Deep learning training is a good example of a workload that can be made tolerant to interruptions and I’ve written about using Amazon EC2 Spot instances for deep learning training before. However, as a machine learning developer or data scientist, you may not want to manage Spot fleet requests, poll for capacity, poll for termination status, manually back up your checkpoints, manually sync checkpoints when resuming training, and set everything up every time you want to run training jobs.

Amazon SageMaker offers Managed Spot Training , which is a convenient way to lower training costs using Amazon EC2 Spot instances for Amazon SageMaker training jobs. This means you can now save up to 90% on training workloads without having to setup and manage Spot instances. Amazon SageMaker will automatically provision Spot instances for you, and if a Spot instance is reclaimed, Amazon SageMaker will automatically resume training after capacity is available!

In this blog post, I’ll provide a step-by-step guide to using Spot instances with Amazon SageMaker for deep learning training. I’ll cover what code changes you need to make to take advantage of Amazon SageMaker’s automatic checkpoint back up and sync to Amazon S3 feature. I’ll be using Keras with TensorFlow backend to illustrate how you can take advantage of Amazon SageMaker Managed Spot Training. You can also implement the same steps on an another framework such as PyTorch or MXNet.

A complete example with Jupyter notebook is available on GitHub: https://github.com/shashankprasanna/sagemaker-spot-training

What workloads can take advantage of Spot Instances?

To take advantage of Spot instance savings, your workload must be tolerant of interruptions. In machine learning, and there are two types of workloads that broadly fall into this category:

Stateless microservices, such as model servers (TF Serving, TorchServe — read my blog post ), serving inference requests
Stateful jobs such as deep learning training that are capable of saving their full state with frequent checkpointing.

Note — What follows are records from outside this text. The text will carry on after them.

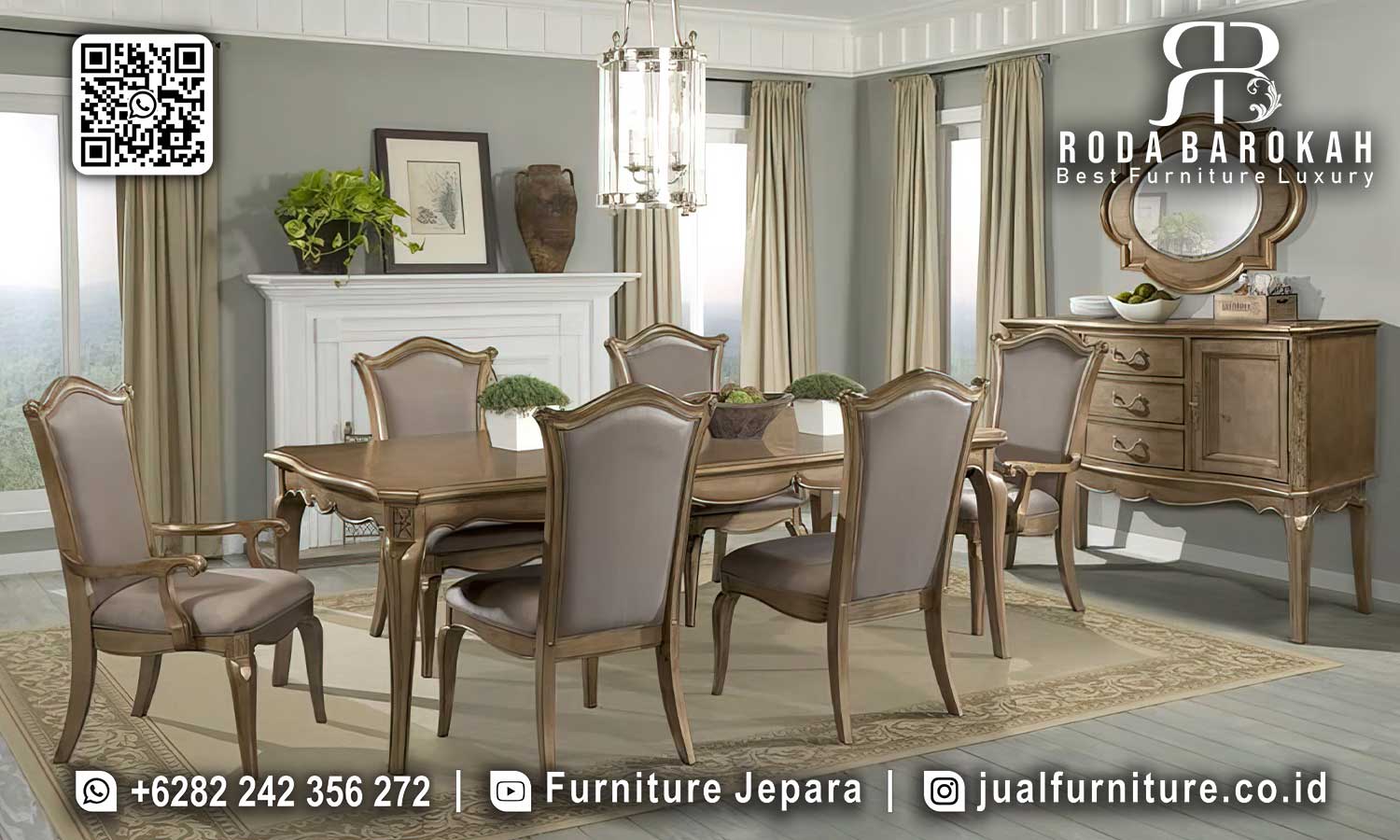 Meja Makan Mewah Jati Villa Pengerjaan Presisi SMM-659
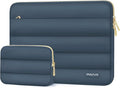 MOSISO Laptop Case 16 inch, 15-15.6 inch Puffy Laptop Sleeve Carrying Case | Compatible with MacBook Pro 16, HP Dell ASUS Acer Toshiba Lenovo, Polyester Horizontal Bag with Small Case, Haze Blue by MOSISO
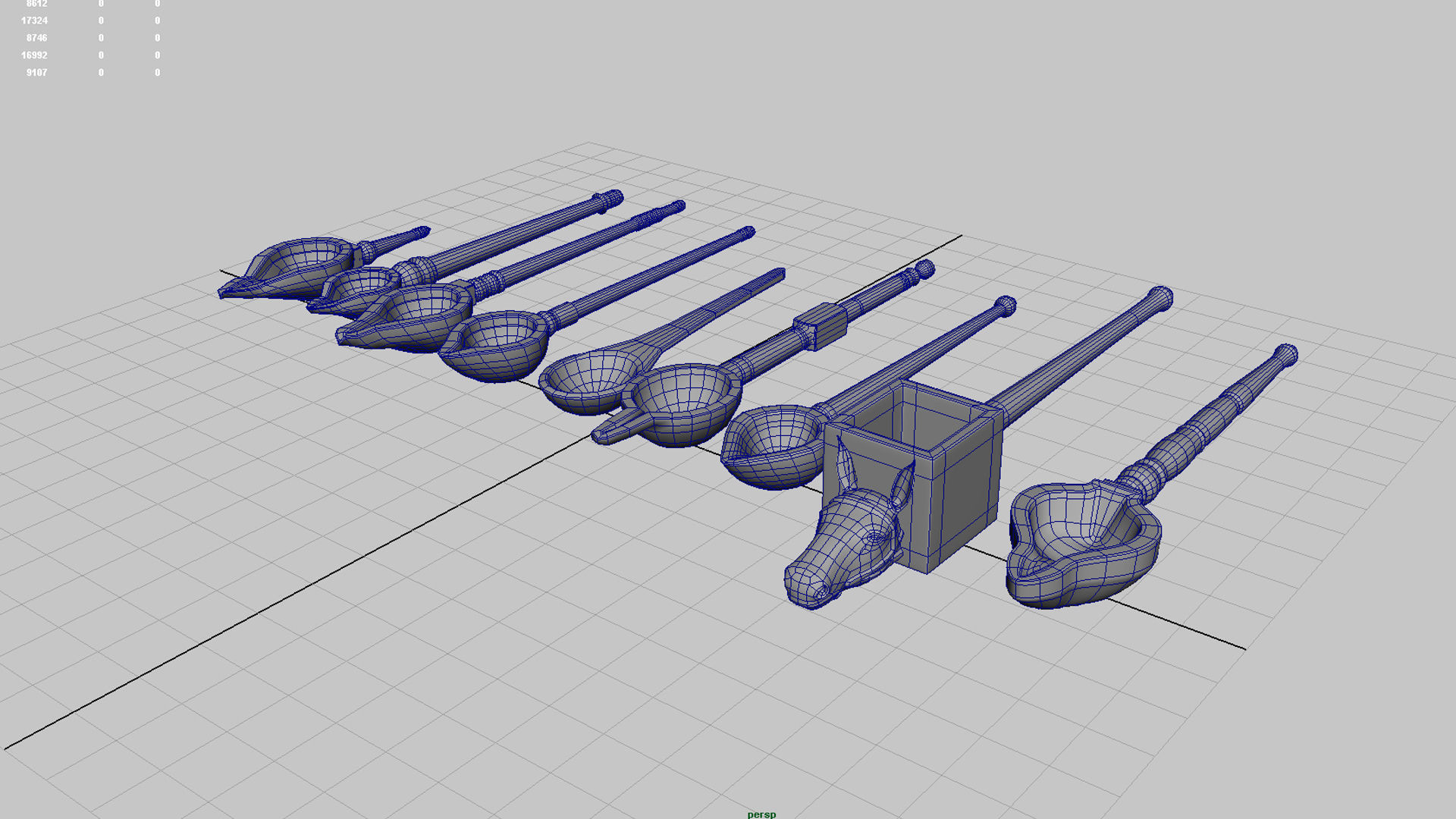 pooja wood spoon 3d model 3D model_10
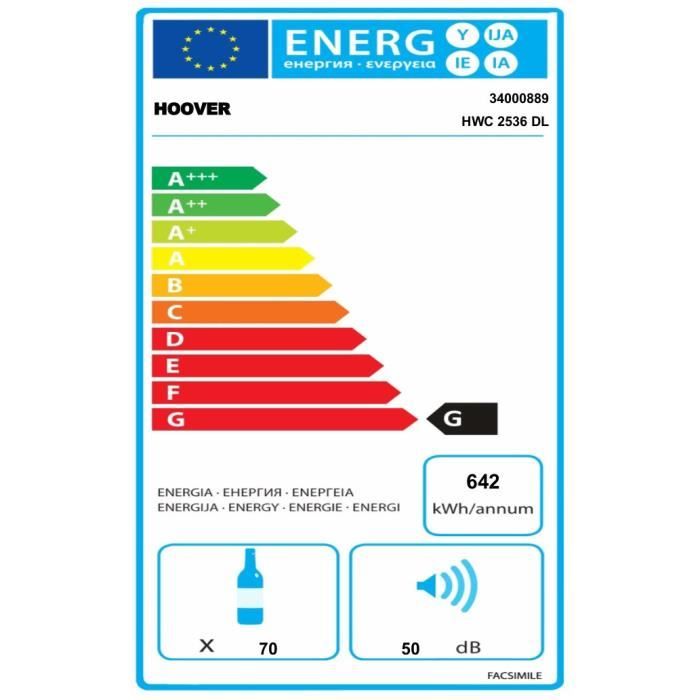  HWC2536DL - Cave à vin de service - 71 bouteilles1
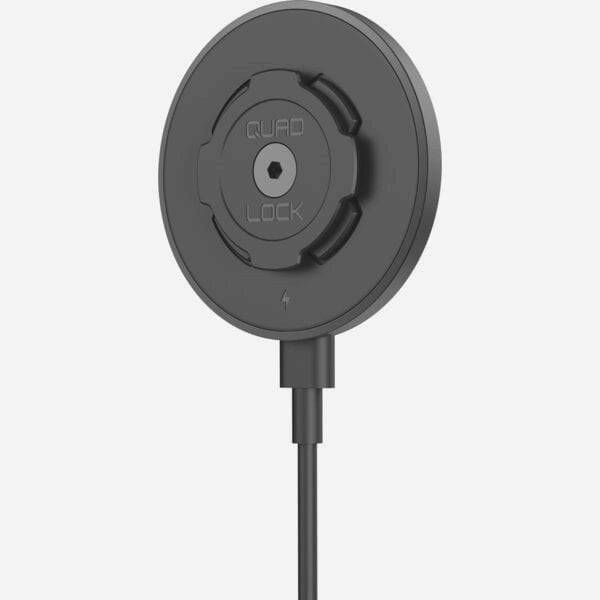 Quad Lock Wireless Charging Head V2 for car and desk mounts, fast charging accessory with sleek design and compatible with smartphones.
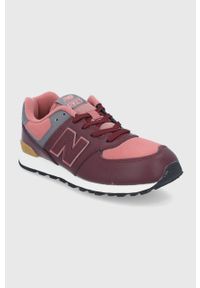 New Balance Buty skórzane dziecięce GC574PX1 kolor bordowy. Nosek buta: okrągły. Zapięcie: sznurówki. Kolor: czerwony. Materiał: skóra. Model: New Balance 574 #5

In the first case, if a Spot instance is reclaimed, traffic can be routed to another instance, assuming you’ve set up your service with redundancy for high-availability. In the second case, if a Spot instance is interrupted, your application must immediately save its current state, and resume training when capacity has been restored.

In this guide, I’ll cover the second use-case, i.e. Spot instances for deep learning training jobs using open-source deep learning frameworks such as TensorFlow, PyTorch, MXNet and others.

Quick recap on how Amazon SageMaker runs deep learning training

Let me start with how Amazon SageMaker runs deep learning training. This background is important to understand how SageMaker manages Spot training and backs up your checkpoint data and resumes training. If you’re an Amazon SageMaker user, this should serve as a quick reminder.

What you are responsible for:

A quick guide to using Spot instances with Amazon SageMaker — Develop your training scripts and provide it to the SageMaker SDK Estimator function and Amazon SageMaker will take care of the rest

Writing your training scripts in TensorFlow, PyTorch, MXNet or other supported framework.
Writing a SageMaker Python SDK Estimator function specifying where to find your training scripts, what type of CPU or GPU instance to train on, how many instances (for distributed) to train on, where to find your training dataset and where to save the trained models in Amazon S3.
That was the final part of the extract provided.